Traditions are inherently a little bit silly. But so too are the ideas that their history should be rejected and that they cannot be what we choose to make of them. Robes have been standard academic dress for the better part of the past millennium. Scholars in 14th-century English universities were the first required to wear them, and that sartorial tradition endured across higher education as it developed and expanded. The robes we wear at Torchlight and Commencement are the same robes that Isaac Newton, William Gladstone, J.R.R. Tolkien and Harry Potter wore. As Hom rightly points out, higher education has a reprehensible history of excluding women and minorities. But her critique of Torchlight ignores the degree to which colleges and universities have focused their recent efforts on correcting those past wrongs and including individuals of all identities. And it rejects the premise that traditions may take on new, positive meaning as history progresses. The robes she aims to eliminate are also the same robes Henry Livinston Stimpson wore in 1853 when he became Colgate’s first black graduate, and the same robes worn by increasingly diverse graduating classes across the United States to this day. Although there remains much improvement to be made, higher education has expanded dramatically as an instrument of equal opportunity over the past few decades. How ironic that a crusade against “white tradition” relies so heavily on the whitewashing of history.

The long and notably neutral history of academic regalia made robes a natural choice for Torchlight, which occurs the evening before commencement. This newly contentious ceremony was established over 80 years ago as a way of bringing soon-to-be-graduates together to connect with one another and with their institution. Does this mean that we should have to wear robes in May? Perhaps not. But I don’t think that they truly symbolize anything more than those connections, despite whatever fantasies students opposing the traditional attire of graduation gowns have conjured up.

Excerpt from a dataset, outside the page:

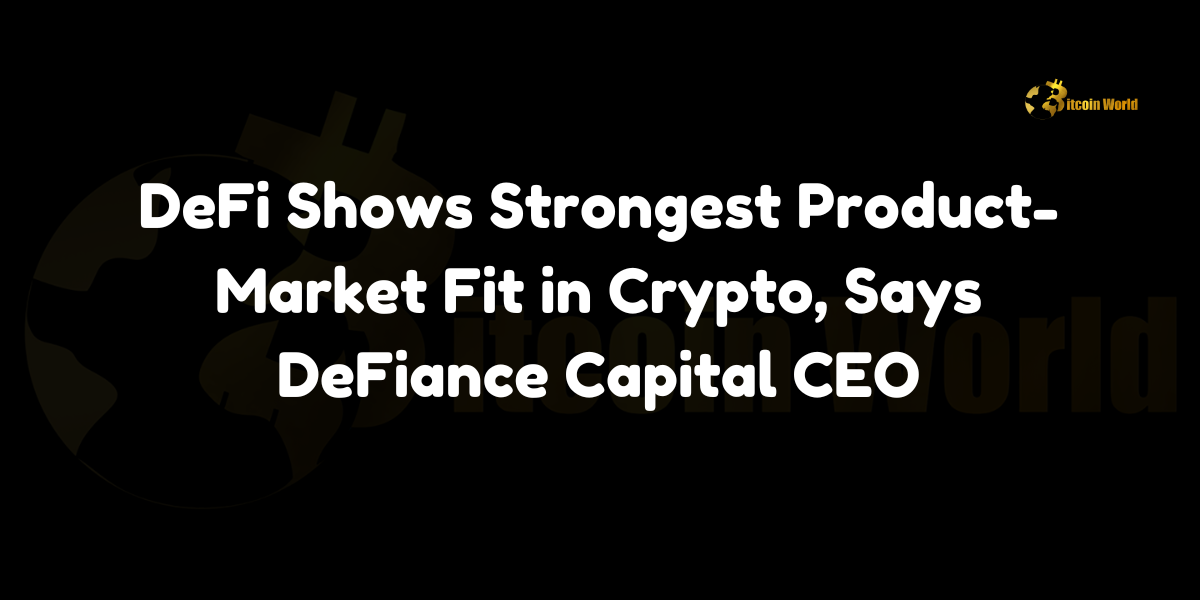 DeFi shows strongest product-market fit in crypto, says DeFiance Capital CEO Arthur Cheong.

The students who have argued for the elimination of academic regalia assert that the wearing of black robes is guaranteed to cause widespread and profound emotional distress. This is an outrageous overextension of the well-intentioned “trigger” debate. For more on that topic, I urge you to read Greg Lukianoff and Jonathan Haidt’s “The Coddling of the American Mind.” And while there is certainly nothing wrong with the idea of class sweaters, why not either stick with the robes or let people wear what they want? Hom asserts that her suggestion would “create a more fun and unifying tradition for everyone,” but her manufactured controversy has had the opposite effect of dividing my class year and making Commencement itself something that can no longer bring us together.

Let’s revisit the original complaint that torch processions are the cultural property of white supremacist groups, namely the Ku Klux Klan. As with the robes, this represents an uninformed position rooted in a deliberately truncated version of history. Is this movement arguing that fire itself should be off limits? Once again, the facts don’t offer much support. Torches are lifted above New York Harbor by the Statue of Liberty, carried in relay to light the Olympic flame and borne in procession in Eucharistic liturgy. In Ancient Greek and Roman times, a torch would be lit in a newlywed bride’s hearth on her wedding night as an expression of love. Should we nullify this overwhelming body of history simply because a hateful few have attempted its parody? I don’t think so.

Most troublingly, the proposal’s more vitriolic proselytizers are not content to make measured arguments as Hom has. The Class of 2016 Facebook group erupted over the Torchlight debate when I responded to a post Hom made on January 28, and most proponents of modified attire at Torchlight turned to emotion instead of making reasoned arguments. Several even resorted to violent, ad hominem attacks on my character and identity, tactics that have no place in rational discussion. Yet no figure within the movement made attempts to point this out, instead content to perpetuate an increasingly acidic echo chamber. Despite our differences, I hold a high degree of respect for Hom’s articulation, drive and commitment to her cause. But I find it inexcusable that others who share her opinion have such tolerance for extreme hatred. We should all be capable of disagreement without disrespect.